IRSA Cloud Access Introduction¶
This is the introductory tutorial demonstrating basic python access to the IRSA-curated images and catalogs available in AWS S3 cloud storage buckets.
Learning Goals:
- Find datasets and connection information.
- Browse buckets.
- Find an image and retrieve a cutout.
- Navigate a catalog and perform a basic query.
1. Cloud basics¶
1.1 Terminology¶
AWS S3 is an object store where the fundamental entities are "buckets" and "objects". Buckets are containers for objects, and objects are blobs of data. Users may be more familiar with filesystem "files" and "directories". Files are analogous to objects, and the terms are often used interchangeably. While there is no directory-like structure in S3 itself, various layers on top of S3 have implemented functionality to mimic it. As a result, users can generally interact using familiar filesystem logic, but may notice subtle differences.
The following S3 terms are also used in this notebook:
- Key: Unique ID for an object, relative to the bucket. Analogous to the full path to a file.
- Prefix: String of characters at the beginning of the object key. Analogous to the full path to a directory.
1.2 General access¶
Most of the common python methods used to read images and catalogs from a local disk can also be pointed at cloud storage buckets.
This includes methods like Astropy fits.open
and Pandas read_parquet
.
The cloud connection is handled by a separate library, usually s3fs, fsspec, or pyarrow.fs.
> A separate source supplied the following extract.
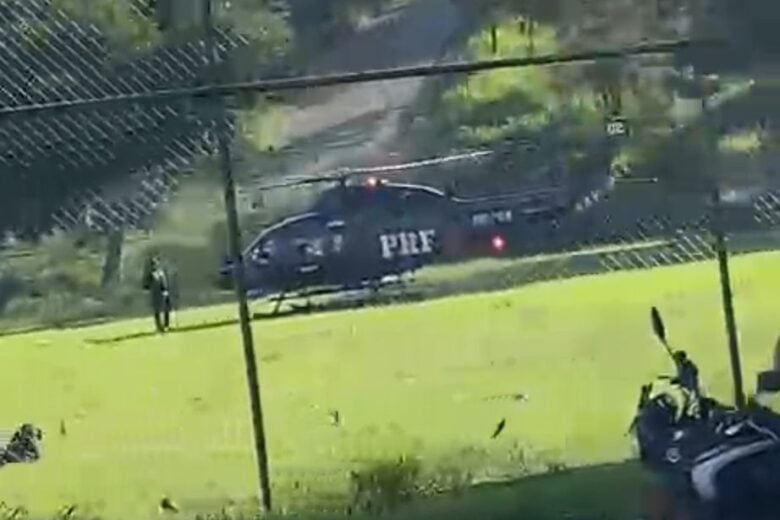 Helicóptero da PRF resgata paciente com Traumatismo Cranioencefálico em Itabira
The IRSA buckets are public and access is free.
Credentials are not required.
Anonymous connections can be made, often by setting a keyword argument like anon=True
.
2. Find datasets and connection information¶
A listing of the available datasets is maintained on IRSA's Cloud Access page. It can be used to substitute values for the following variables, which are used throughout this notebook and identified by all caps:
Cloud Access Variable | Definition |
---|---|
BUCKET_NAME |
AWS S3 bucket name. |
BUCKET_REGION |
AWS region the bucket is in. |
IMAGES_PREFIX |
S3 prefix to the base of an image set. |
CATALOG_PREFIX |
S3 prefix to the base of a catalog. |
PARQUET_NAME |
Path to the base of the catalog's Parquet dataset, relative to the prefix. |
3. Imports¶
Libraries are imported at the top of each section when used. This cell will install them if needed:
try:
import astropy # perform image cutouts
import hpgeom # map sky location to catalog partition
import matplotlib # view results
import pandas # query Parquet datasets
import pyarrow # work with Parquet datasets
import pyvo # locate images in the cloud (pyvo>=1.5 required)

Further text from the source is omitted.